Automated migrations to Unity Catalog

Other

219 stars 75 forks source link

[FEATURE] Create a `ucx.workspace_scans` table #2600

Open JCZuurmond opened 1 week ago

JCZuurmond commented 1 week ago

Summary

Create a ucx.workspace_scans table to persist to the migration-process jobs in that scan the workspace to update the migration process status

Description

Table schema

Column name	Data Type	Comment
`run_id`	`INT`	The run id of the `migration-process` job run.
`run_start_time`	`TIMESTAMP`	The timestamp of the job run start.
`workspace_id`	`INT`	The workspace id in which the `migration-process` job ran.
tbd		See comment below

JCZuurmond commented 1 week ago

@nfx and @asnare : In this table, we want to persist when a crawler did not return any objects to differentiate between a crawler not ran and no objects returned. How do you want to persist this information, i.e. what column schema?

JCZuurmond commented 1 week ago

Also, do we need to keep this in the ucx catalog? Or should we keep this in the hive_metastore?

	`ucx`	`hive_metastore`
Pro	Contains data over multiple workspace scans to which this is relevant.	Available during assessment
Con	Growing the new ucx catalog; we might want to be conservative with this.	Assessment should only be ran once, therefore irrelevant as it is only used when rerunning.

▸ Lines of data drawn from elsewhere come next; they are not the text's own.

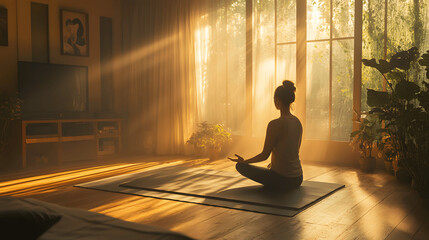 Serene room with yoga mat and person practicing guided meditation with soft light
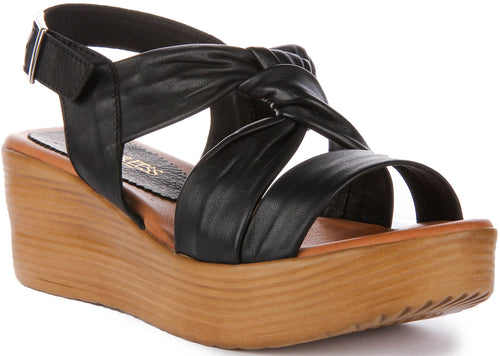 Raya Wedge Leather Sandals In Black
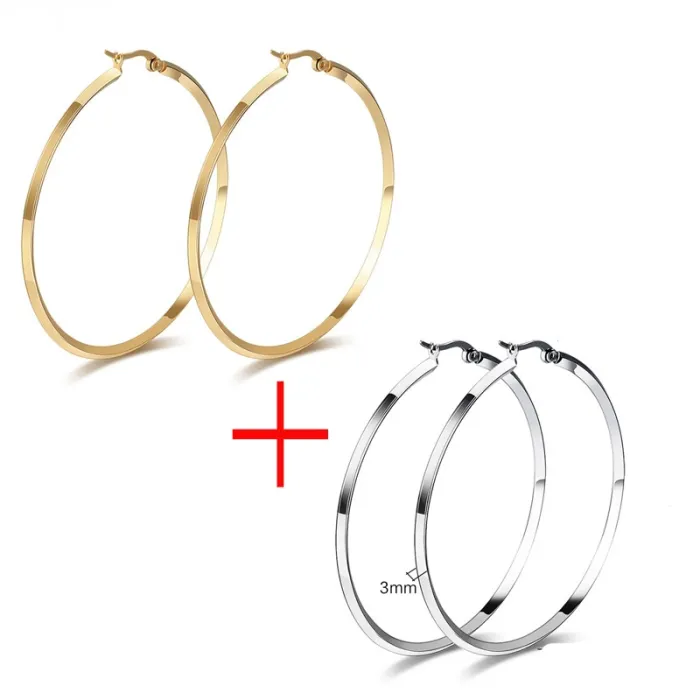 AretesPendientes Gold & Silver Round Hoops 2 Pair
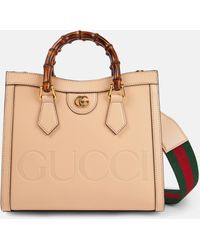 Gucci - Logo Leather Tote Bag - Lyst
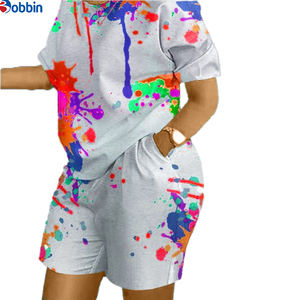 Ensembles deux pièces personnalisés pour femmes : T-shirt et short imprimés, nouvelle collection été, tenues décontractées et survêtements - Product Image 6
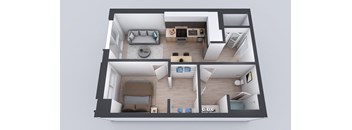 Kado NW One Bedroom One Bathroom A2A Floor Plan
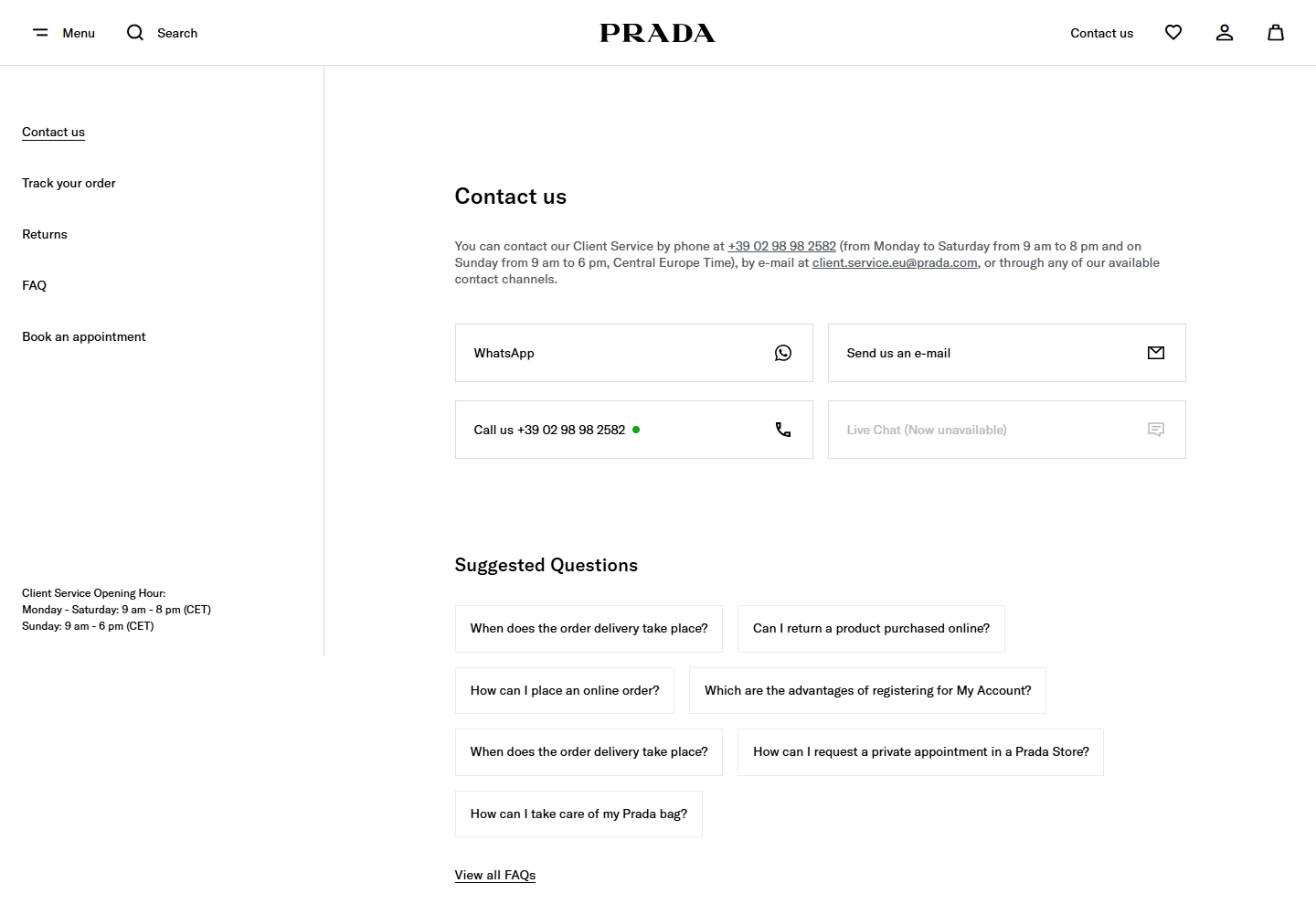 Prada Kundenservice, Telefonnummer, Kontakt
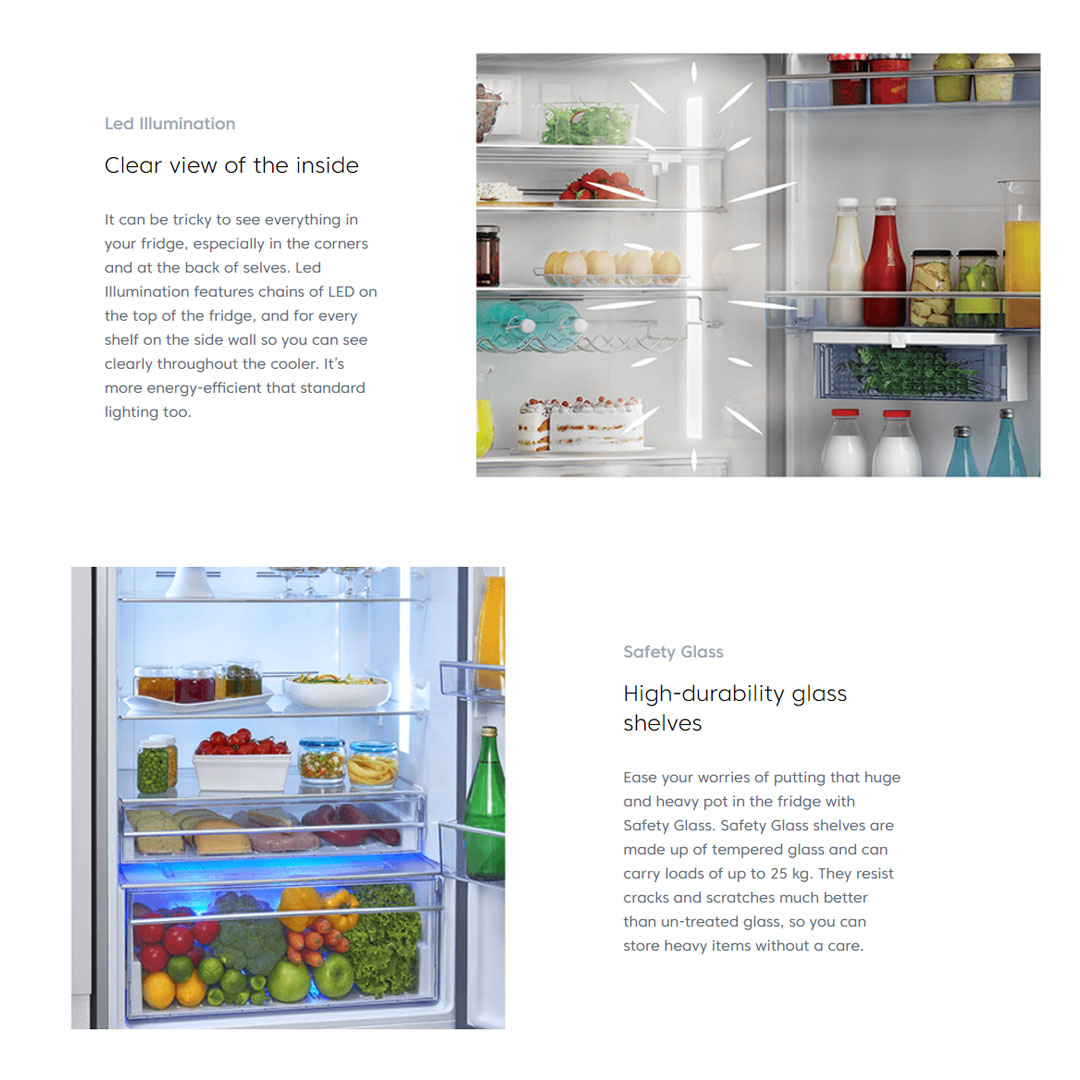 Beko 563L Side by Side ProSmart Inverter Refrigerator GNO563E40HFGBMY/GNO563E40HFKMY  | HarvestFresh | Led Illumination | Safety Glass | Twist & Serve Ice Cube Tray | Refrigerators with 2 Year Warranty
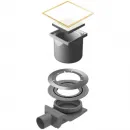 Душевой трап 144x144/50 мм белый глянец/золотой Pestan Confluo Standard White Glass Gold 4 13000159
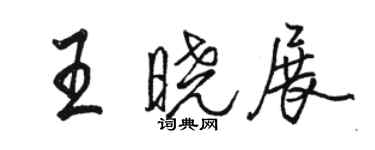 駱恆光王曉展行書個性簽名怎么寫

asnare commented 9 hours ago

When we discussed this at the office the intent was: This will be in the ucx catalog and not the hive_metastore. (So yes, it's not available during assessment.)

I think a technical driver for this choice is that this table will be updated quite often with small updates, and that will behave better on the ucx catalog.

The purpose of the table is also to allow for interpretation of the history table when a crawl produces no records. Without this table we won't be able to handle that situation.

I was going to update the snapshot() functionality of the crawlers to use this table as an optimisation: if the loader returns 0 rows, consult this table if available to determine whether to actually return 0 rows or (as is currently the case) perform a crawl.